Practical applications of the blockchain as a database and as a platform, the detailed explanation of both categories as well as their benefits
Finrazor guide dedicated to blockchain is continued by an overview of the blockchain technology and how it can be used considering two main application areas — database and platform.
Blockchains brought about a new way of recording and storing information. While their applications are countless, there are two major categories of their use cases: as a database and as a platform.
As a database
As a database, blockchain presents a new approach to identity. Unlike traditional databases, blockchains do not require permissions associated with accounts. Instead, blockchains use a much more sophisticated, yet simple in its principle, technology of cryptographic keys. If you have the key, you own the asset. You do not need any kind of authorization. With blockchains, we can create systems of digital identities without sharing little if any personal information.
Blockchains can change how we establish ownership of an asset by introducing a concept of smart assets. Blockchains will allow us to attach a digital token to a physical real-world object, such as your car or house. This technology can be used to trace supply chains, to secure rights to intellectual properties, and to detect frauds.
As a shared database, blockchains can improve communication and interaction between organizations, such as banks, international companies, and even governments.

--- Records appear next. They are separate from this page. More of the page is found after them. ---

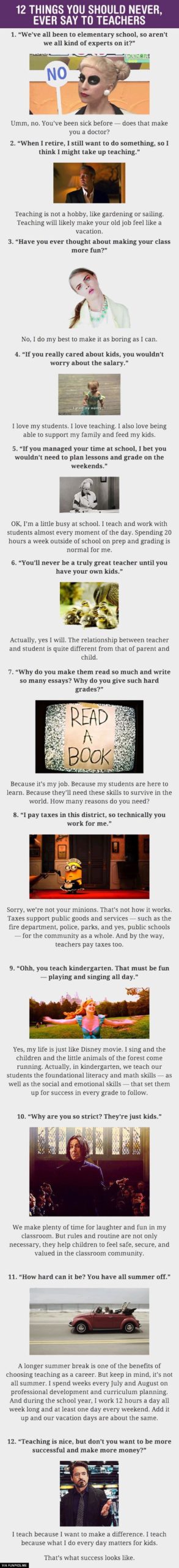 12 things you should never ever say to teachers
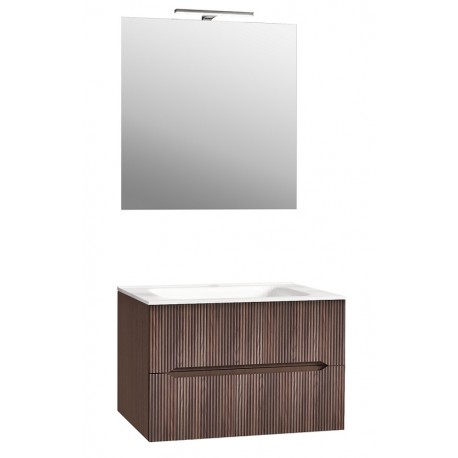 Mobile bagno sospeso Cannettato finitura noce gold Linea Ginevra da 70 cm con lavabo, specchio + applique integrata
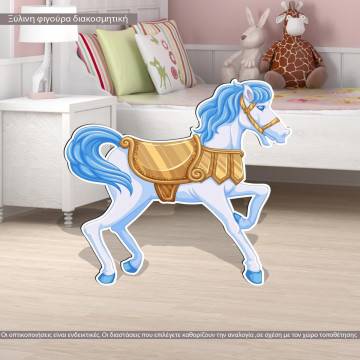 Wooden figure printed  carousel horse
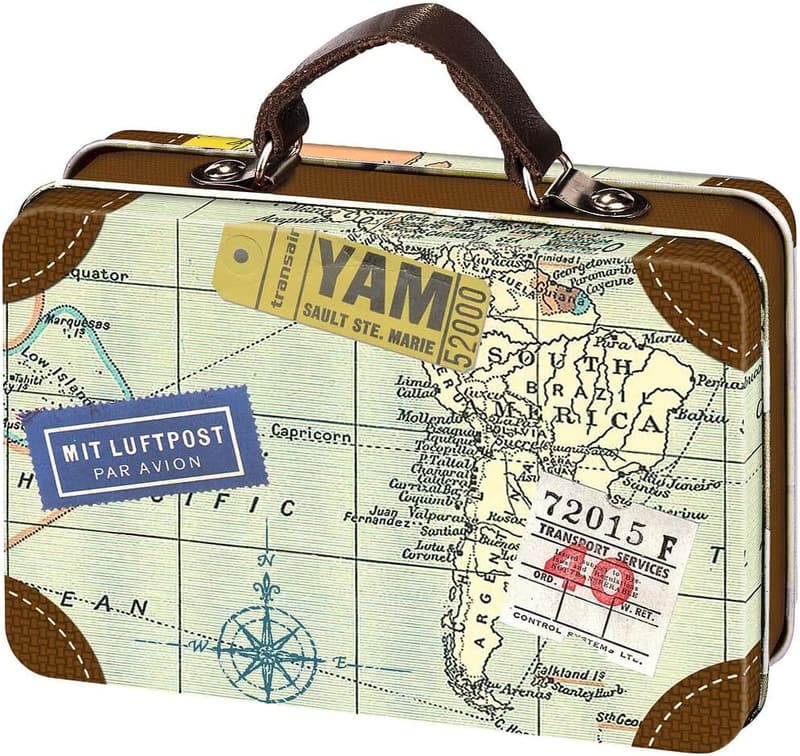Mini-Reisekoffer im Reisedesign aus Metall mit Lederhenkel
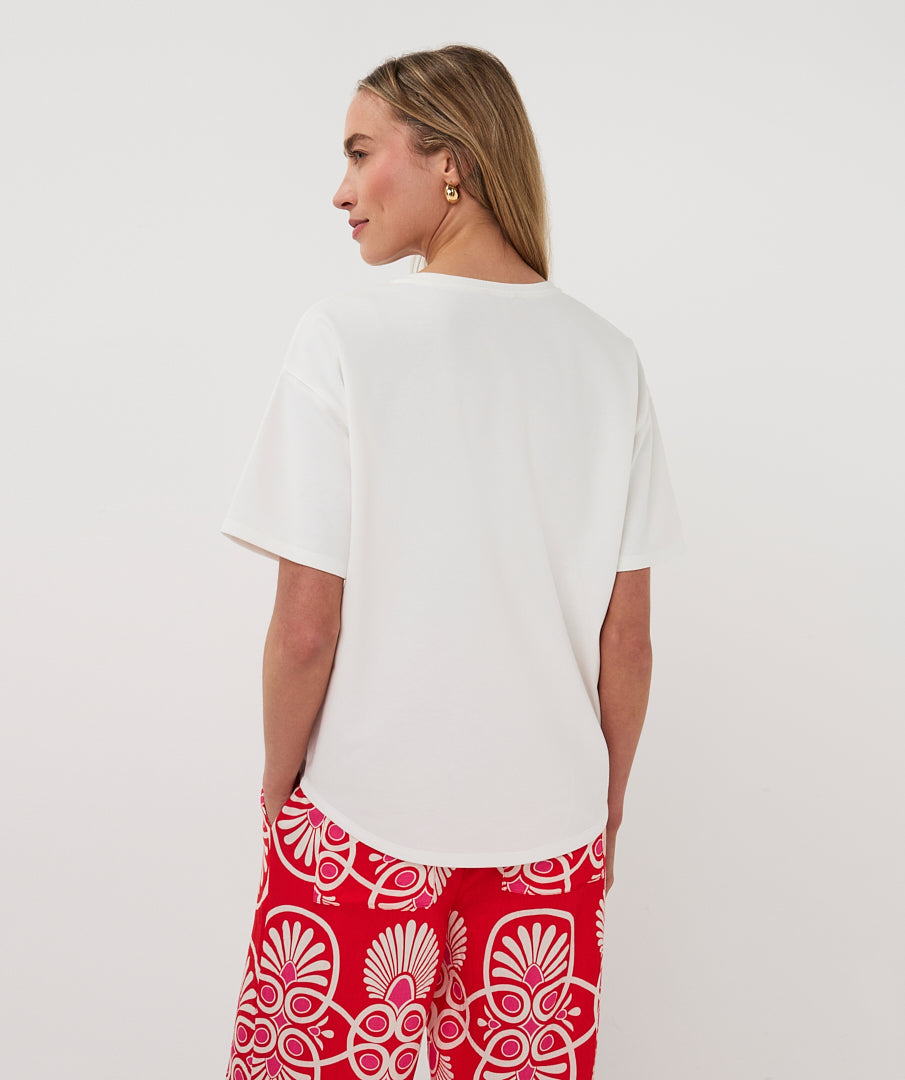 T-Shirt Esqualo French terry - Off white/red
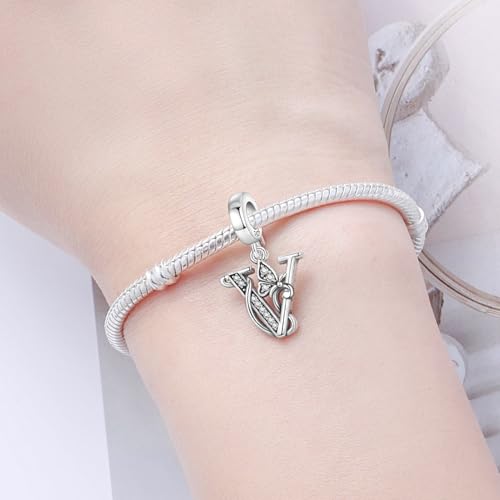 2 Pack 925 Sterling Silver Butterfly Letter Charms for Bracelets and Necklace Alphabet Initial Dangle Pendants Round Spacer Beads Pave Cubic Zirconia Jewelry Gift for Women - color: V Set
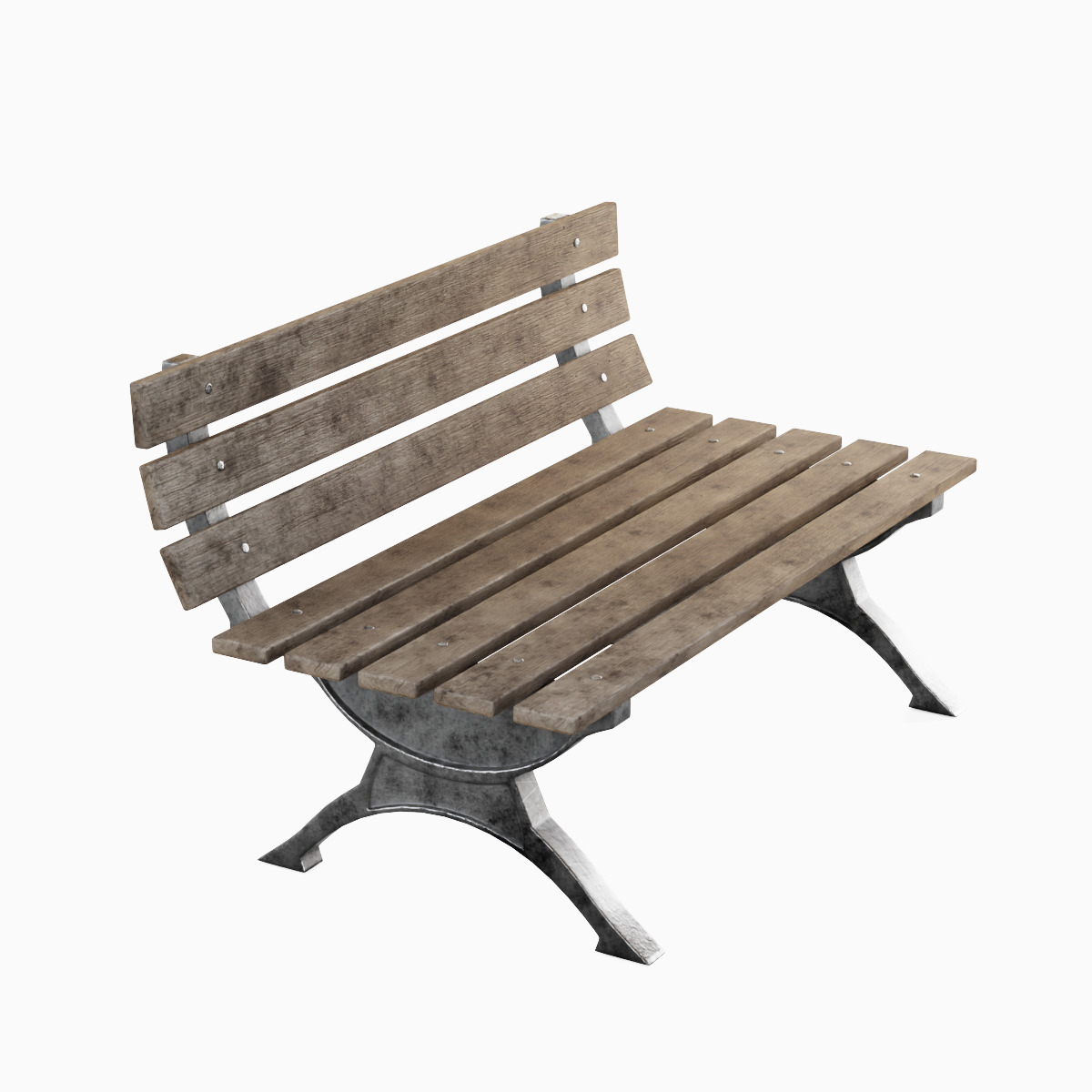 Stylized Outdoor Bench Set 3D model_5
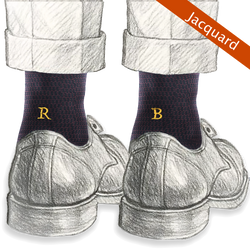 Calze jacquard bordeaux da uomo in cotone mercerizzato con le iniziali ricamate in senape, Individual Socks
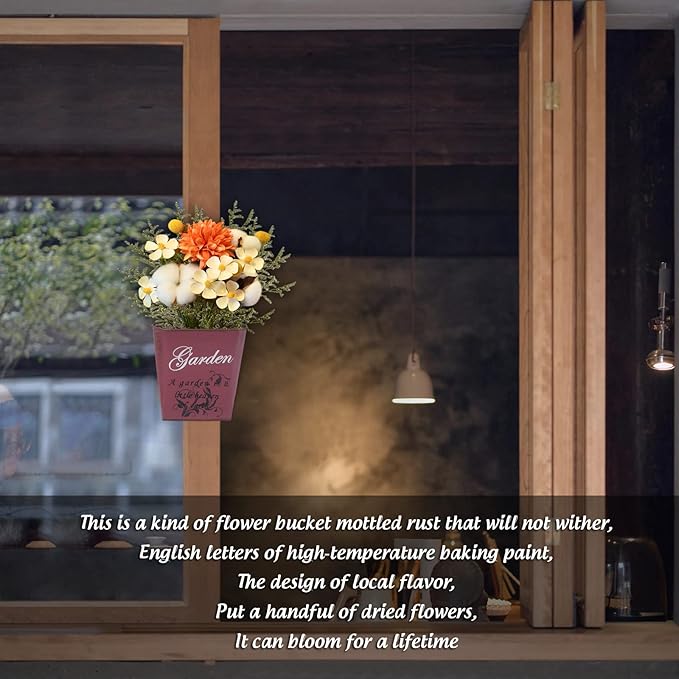 GDYOOSHOW 3Pcs 7.4" Tall Galvanized Metal Hanging Planter Rustic Wall Flower Bucket Echelon Wall Pot for Garden Balcony Indoor or Outdoor-HomvellaHome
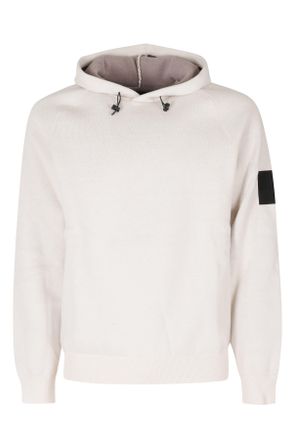 Outhere Optical White Darkpine Textured Knit Wool-Cotton Hoodie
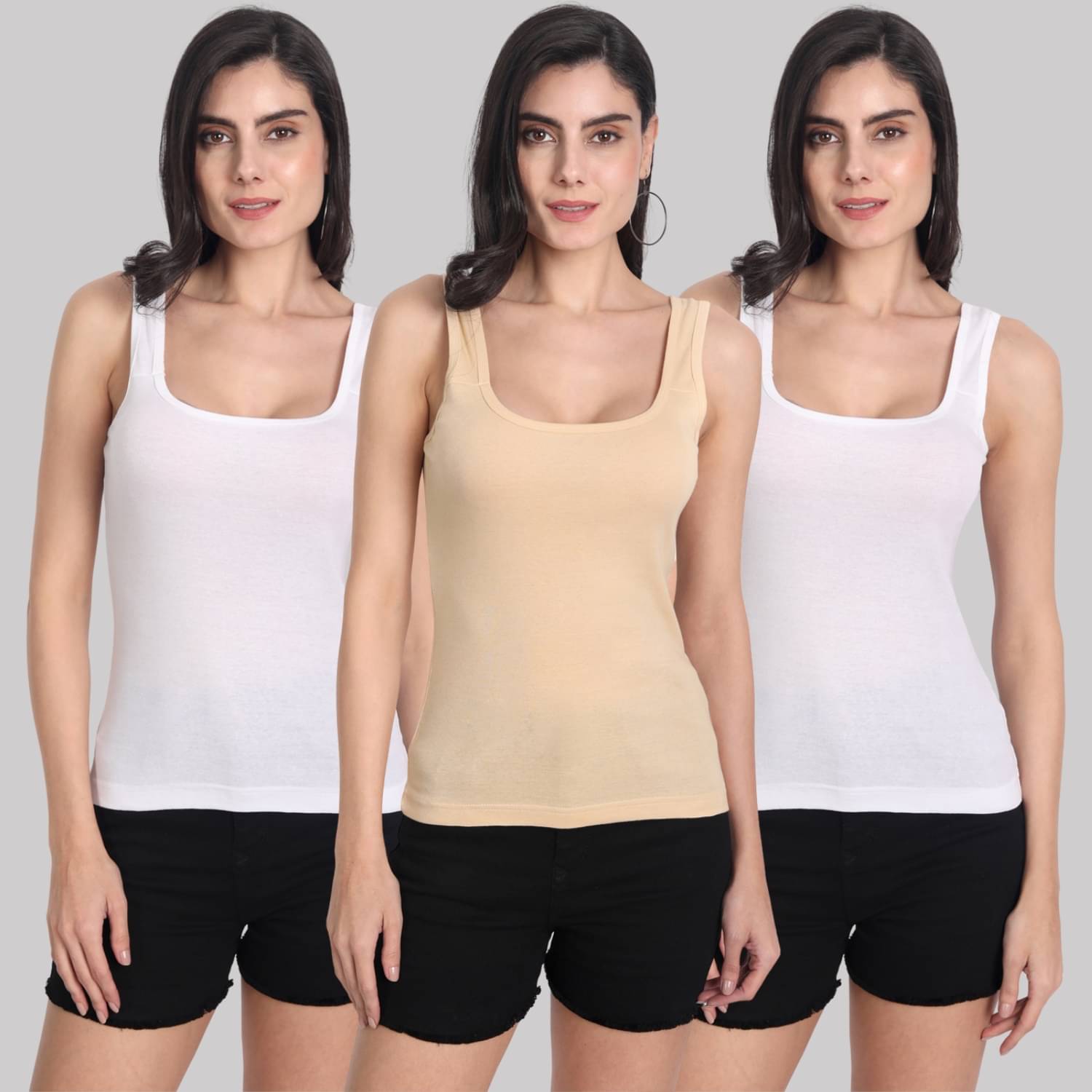 AIMLY Cotton Camisoles - White Pack of 3 AIMLY Cotton Camisoles - White Pack of 3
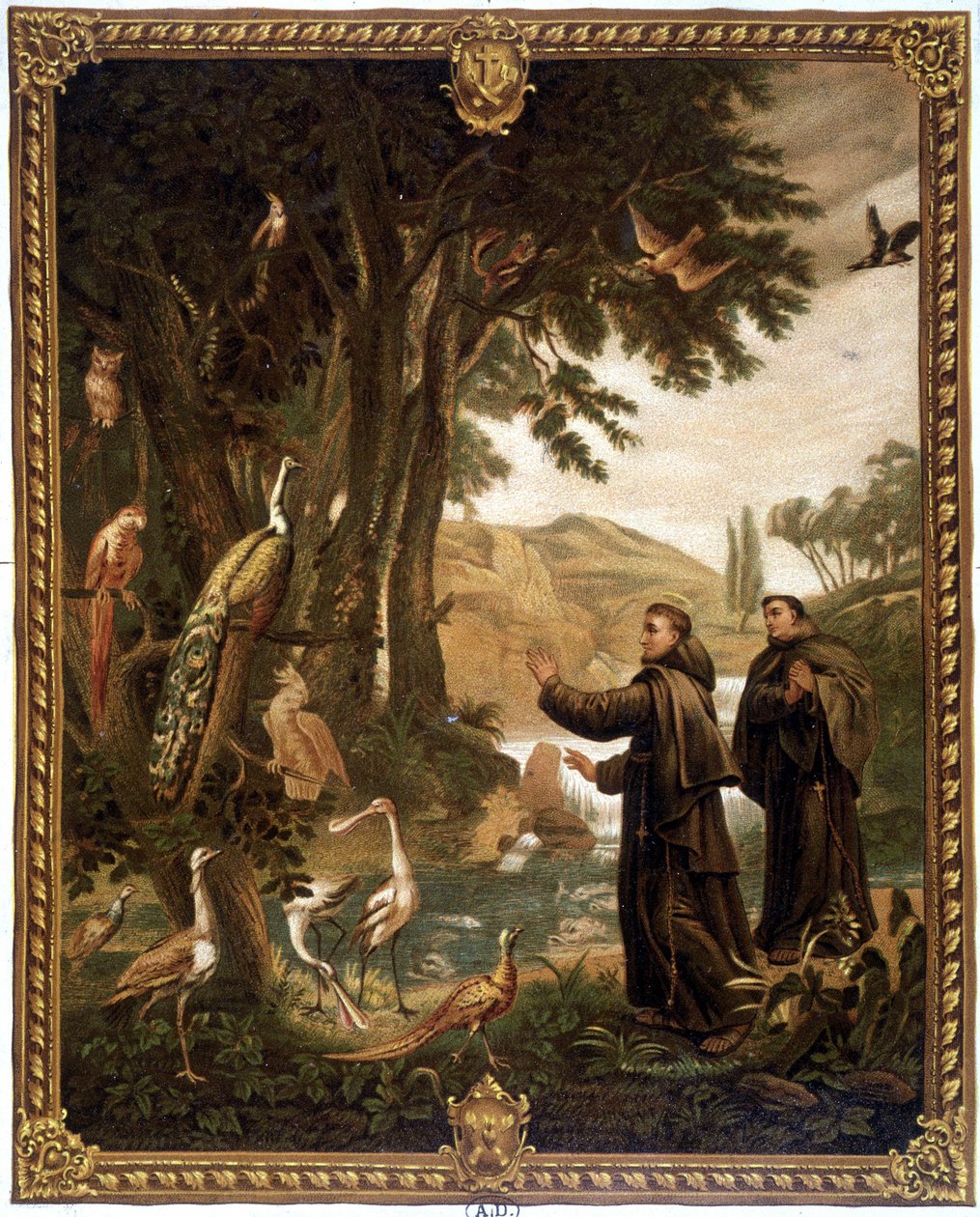 St. Francis of Assisi talking to birds - 19th century chromo reproducing an 18th century painting by Unknown artist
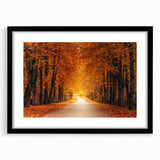 Framed wall art collection showcasing scenic landscapes and roads in a stylish black frame with a white mat, perfect for home decor and aesthetic enhancement.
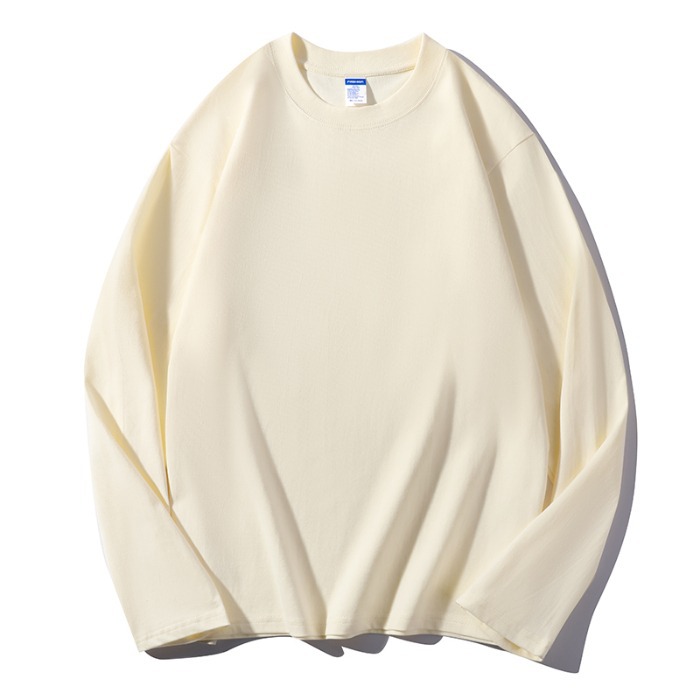 三本針！長く洗っても形が変わらない！300gの厚手純綿ホワイト長袖Tシャツ レディース ゆったり着痩せ効果あり メンズにも使えるインナー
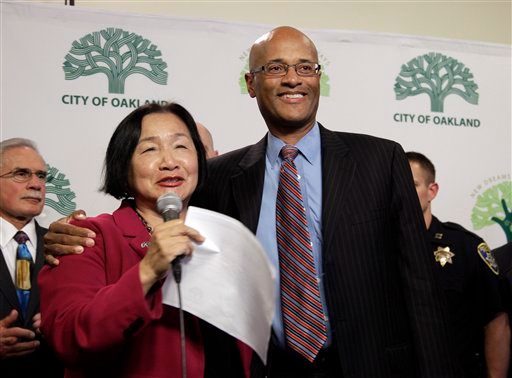Oakland Police Chief Howard Jordan, right, is seen with Mayor Jean Quan.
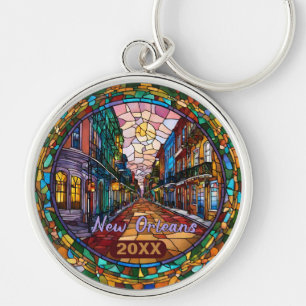 Llavero Personalizado New Orleans Bourbon Street con fecha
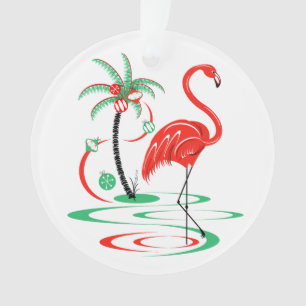 Ornamento Círculo acrílico do texto vermelho do flamingo d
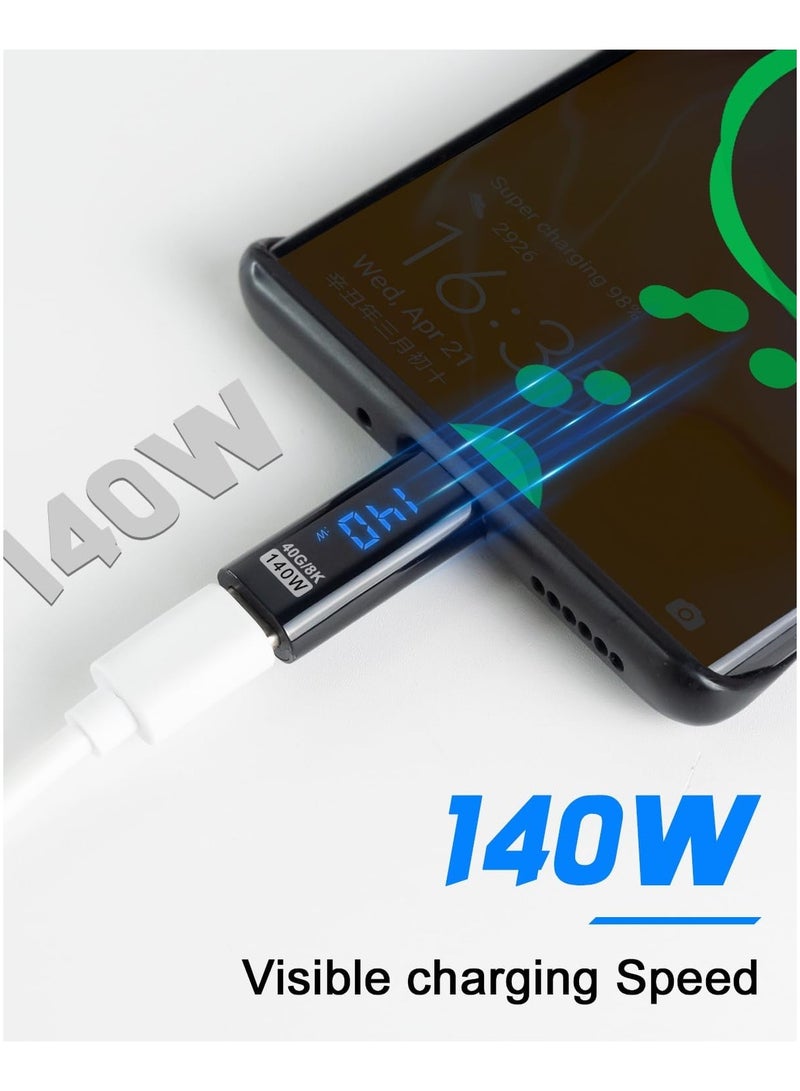 USB C Connector USB Type C 140W Power 40Gbps Data 8K Video Extension Connector Adapter Transparent with LED - Image 2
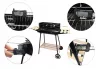 GQ3 Nagy faszén kerti grill kerekeken Rotisserie 3x polcos prémium grillkészlet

Blockchains will help two parties to share information without the involvement of a third-party mediator. The parties rely on technology, and the technology has no bias.
Distributed ledger technologies (DLT) can also revolutionize accounting and audit trails as they offer an automated way of recording data. DLT-based systems eliminate human factor by keeping the true history of records. This can be put to use in healthcare, finance, and business to fight fraud and corruption.
As a platform
Today in the age of highly advanced technologies we still use paper contracts to make important agreements and transactions. But this can change with the introduction of smart-contract platforms. Powered by blockchains, smart-contract systems can fully automate the way we deal business with others. With their help, we will be able to establish strong digital relationships.
Smart-contract platforms offer us a means of expressing business logic in code. This ensures that contracts are not subject to subjective interpretation and reduce the surface for loopholes and fraud.
Realized to their full potential, smart-contract systems will grow into decentralized autonomous organizations. This may sound futuristic but there are many ideas being proposed about automating structural departments or even entire governments. Distributed control over information and decentralized consensus systems have the potential to bring people closer to an absolutely democratic governance.